● **Supplied material**
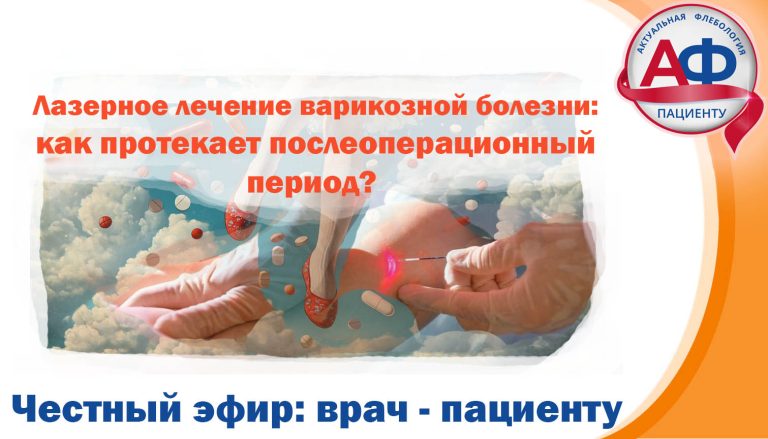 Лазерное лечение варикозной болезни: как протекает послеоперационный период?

...

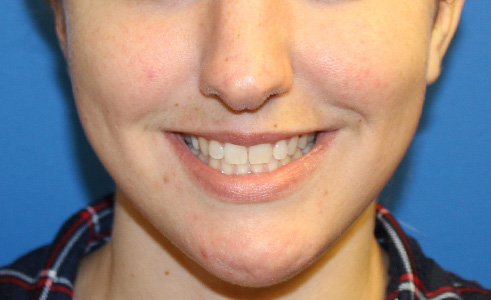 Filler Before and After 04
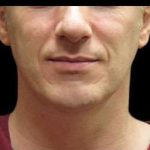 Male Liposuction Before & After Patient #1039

==

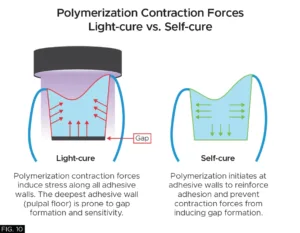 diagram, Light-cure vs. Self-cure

● **Problem to solve**
The answer is those lines of the material above that run from the one containing "Filler Before and After 04" up to and including the one containing "Male Liposuction Before", restated exactly and without images.

● **Response below**
 Filler Before and After 04
 Male Liposuction Before & After Patient #1039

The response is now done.